Em final de legislatura e a menos de 90 dias das eleições de 6 de outubro, a agenda política desta semana ficou marcada pelo Estado da Nação, em debate entre o Governo e os partidos durante quase cinco horas e em pleno clima de campanha eleitoral. A ocasião seria perfeita para os dois lados fazerem as suas avaliações sobre o nosso país e avançarem com as suas propostas para a próxima legislatura.

Infelizmente, isso não aconteceu do lado dos partidos da frente esquerda que tiveram a responsabilidade na condução de Portugal. Do lado do Governo, liderado por quem os portugueses não escolheram nas urnas, não se praticou o exercício de analisar os últimos quatro anos. E seria útil, na medida em que se testou pela primeira vez na história da democracia moderna portuguesa um modelo de geringonça entre partidos de esquerda.

Em bom rigor, esta coligação informal foi gerida sempre nos mínimos, resultando dela uma casa ‘desarrumada’ que não prenuncia nada de bom. E à boa maneira portuguesa, é mais um formato de ‘quem vier a seguir, que (tente) fechar a porta’.
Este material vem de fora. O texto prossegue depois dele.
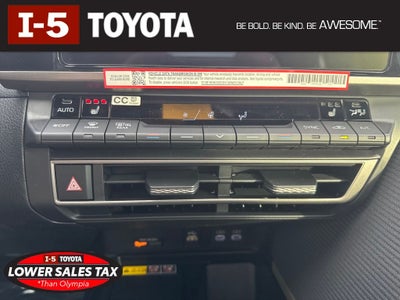 2026 Toyota Camry Nightshade AWD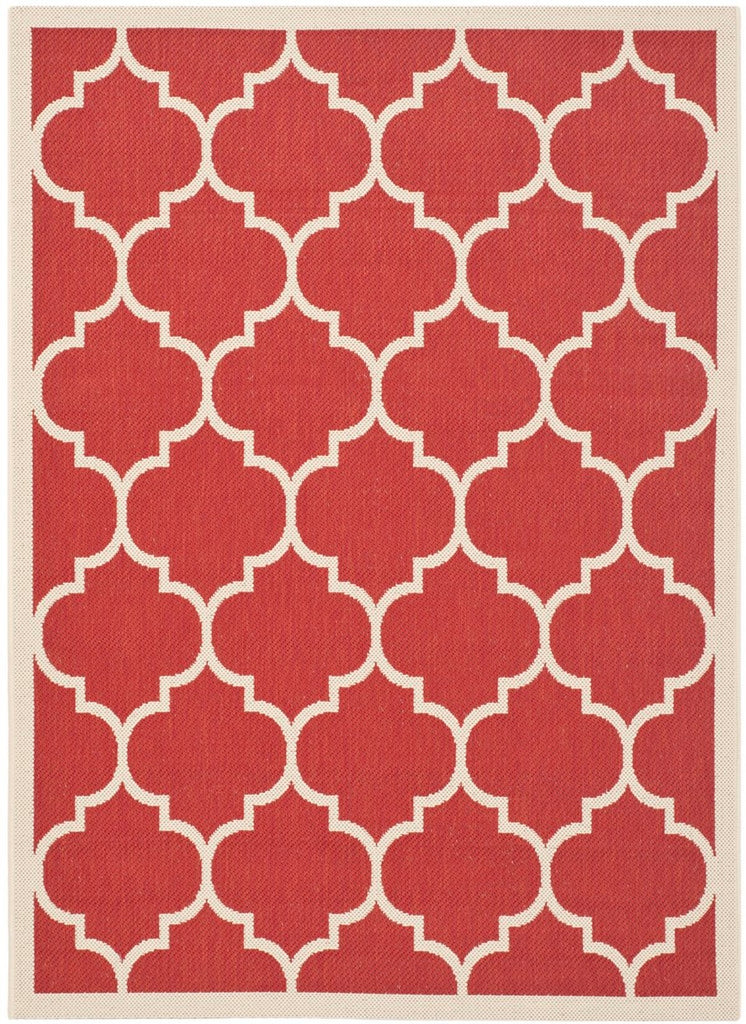 safavieh clearance courtyard cy6032 248 red rug
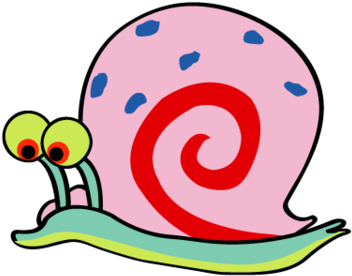 Garry The Snail By Abby0711 - Garry The Snail By Abby0711 (600x450)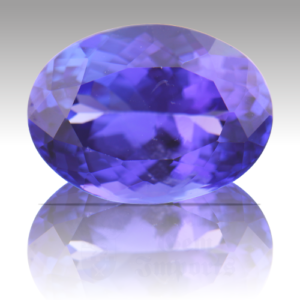 Tanzanite 4.88ct Oval 12.5x9.2 TAN045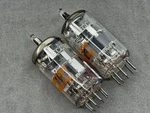 Nos Pair Siemens Rca 6DJ8 ECC88 Tubes Exc Cond Made In Germany Tests TV-7BU. Fixed Price $99.99.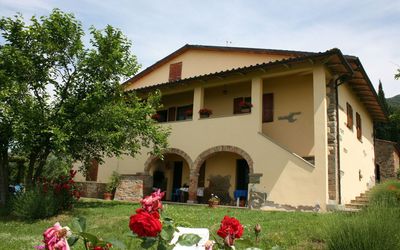 location de vacances Podere la Vigna - San Giustino Valdarno, Toscane, Italie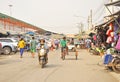 Rong Kluea market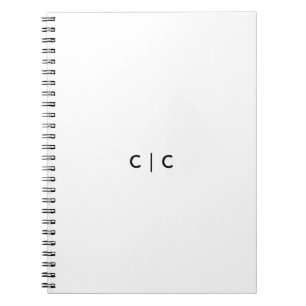 6.5" x 8.75" Classic Notebook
O ciclo único de oportunidades vivido nestes quatro anos, num contexto económico internacional positivo, impunha a realização de reformas estruturais essenciais ao bom funcionamento do Estado e ao sistema eleitoral, bem como ao reforço de investimentos estruturais que a crise recente obrigou a adiar. Porém, Portugal ficou mais uma vez adiado. O PS nunca se atreveu a ir mais longe, devido à necessidade de manter tranquilos o BE e o PCP, afastando qualquer cenário de crise política que pusesse em causa o seu statu quo.

Isto num país em que o salário mínimo se mantém vergonhosamente abaixo da média da União Europeia, e em que o rendimento do trabalho continua a perder peso face ao PIB. Já para não falar da natureza do vínculo laboral que se degrada: lembro que, no primeiro trimestre deste ano, os trabalhadores com contrato a termo e os trabalhadores noutras situações precárias representavam 21,3% do total, bem acima dos tempos da troika.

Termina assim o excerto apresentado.